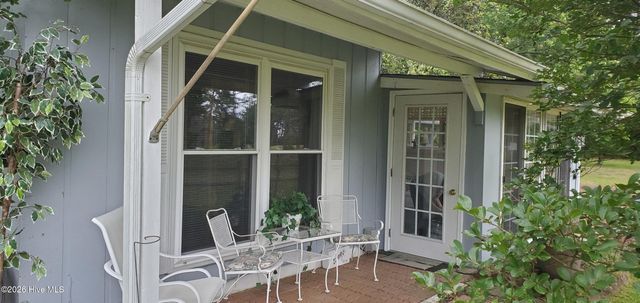 4 Foxhill Circle, Foxfire Village, NC 27281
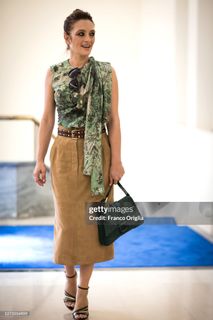 Carolina Crescentini feet photo 18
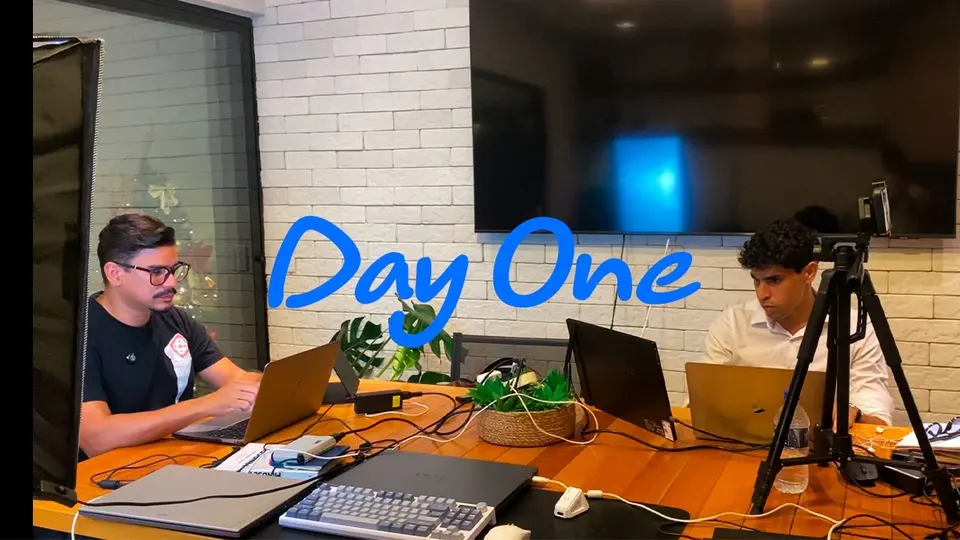 Capa do vídeo Day One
———
> [What you are asked to do]: Transcribe all of the listing precisely. The images stay out of it.

> [Result]:
 4 Foxhill Circle, Foxfire Village, NC 27281
 Carolina Crescentini feet photo 18
 Capa do vídeo Day One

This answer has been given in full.